Nous n’énumèrerons pas ici les critiques et reproches qu’il est légitime de faire au chef de l’Etat zimbabwéen, nos confrères s’en sont chargés. Parlons plutôt des éléments positifs. Contrairement à certains, Robert Mugabe n’a pas pris le pouvoir par un coup d’Etat et n’a pas eu à se faire légitimer par les urnes. Il n’y a pas eu de guerre civile dans son pays après son arrivée aux affaires. Il est ridhe, mais ne collectionne pas les résidences luxueuses à l’étranger, au point de faire l’objet de plaintes devant les tribunaux. Enfin, nonobstant le racisme anti-blanc dont il se rend coupable, il a permis à Ian Smith, chef du gouvernement au temps où le Zimbabwe s’appelait encore la Rhodésie du Sud, blanche et ségrégationniste, de vivre tranquillement à Harare pendant trente ans, avant d’y décéder en 2007.
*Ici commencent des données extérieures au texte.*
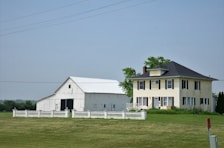 A large farmhouse with a yellow facade and black shutters sits next to a white barn. The structures are surrounded by a neatly trimmed lawn and fenced by a low white fence. The sky is clear, and there are a few scattered trees in the background.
C’est cet homme que le ministre français des Affaires étrangères Bernard Kouchner a traité publiquement d’ “escroc et assassin” (à Jérusalem le 22 juin). Réaction reprise en écho par toute la presse occidentale, anglo-saxonne comme francophone, jusqu’au Matin du Maroc, dans son édition du 23 juin, qui s’en est pris à ce “dictateur sanguinaire”. Il est vrai que lorsqu’on a vécu sous le règne du roi Hassan II, on sait de quoi l’on parle.
Imperturbable, Robert Mugabe a promené sa petite moustache dite “à la Hitler” au 11ème sommet de l’Union africaine à Charm el-Cheikh (Egypte) les 30 juin et 1er juillet. Ses pairs africains l’y ont bien reçu, infligeant par ce biais un joli camouflet au monde politique et médiaque occidental.